MESA demo's show a 23% speed improvement. Especially tunnels mesa demo frame rate.
VWARE shows a drastic improvement in sound processing ability on my thinkPAD when I use 2.4.10. I am not sure why, 2.4.8 was a good improvement but 2.4.10 is even better.
(Gotta have my ArtBell...)
2) Virtual memory now shrinks its pool considerably when free memory is used up and you start to quit processes.
I loaded Oracle 8.1.7, VMWARE 2.0, Forte' , Bugseeker, and my website up, and MySQL. I was short 170 Megabytes of memory and the virtual swap space handled it very well.
Wasn't slow at all, at least too me. I then logged out and quit all my apps after running some non trivial tests.
I did notice my SWAP shrunk from 170 to 30MB when I logged out and shut everything out.

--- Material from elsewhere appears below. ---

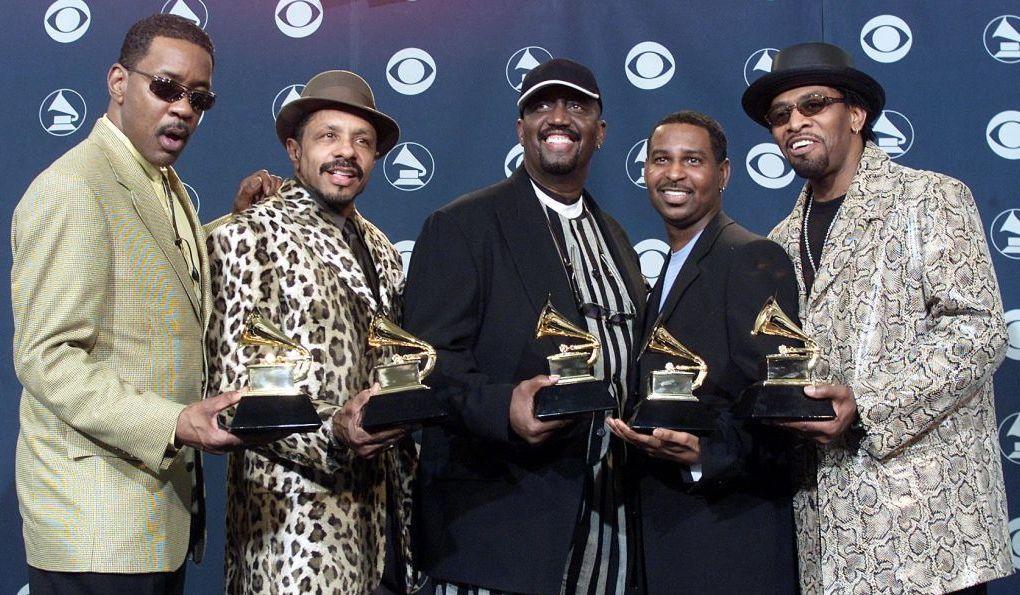 R&B group The Temptations sing with their Grammy Awards for Best Traditional R&B Vocal Album at the 43rd Annual Grammy Awards in Los Angeles 21 February 2001. 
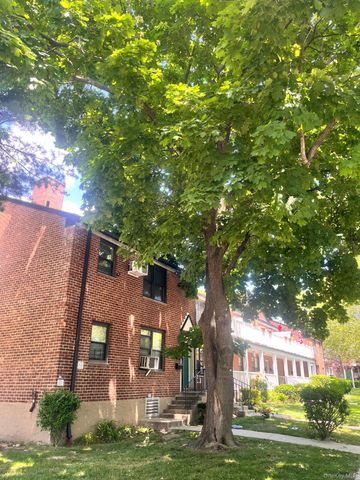 196-69 73 Avenue 2, Fresh Meadows, NY 11366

This is very good, I haven't tested whether or not the kernel will kill a process that takes all memory and is obnoxious about memory, without killing the machine. I would like this feature as normally Linux will just die.3) Startup time was faster by 5 seconds with no changes. I am not sure why, probably do to the memory management fixes.
My use of VMWARE suggests some rather dedicated speed improvments to the basic software.
If you have 2.4.8, you have little reason and everything to gain by upgrading to 2.4.10.
Speed, more effective VM, and graphics are improved noticably.
I highly recommend you upgrade.
-hack
Got Geometrodynamics? Awe, too hard to figure out? Too bad.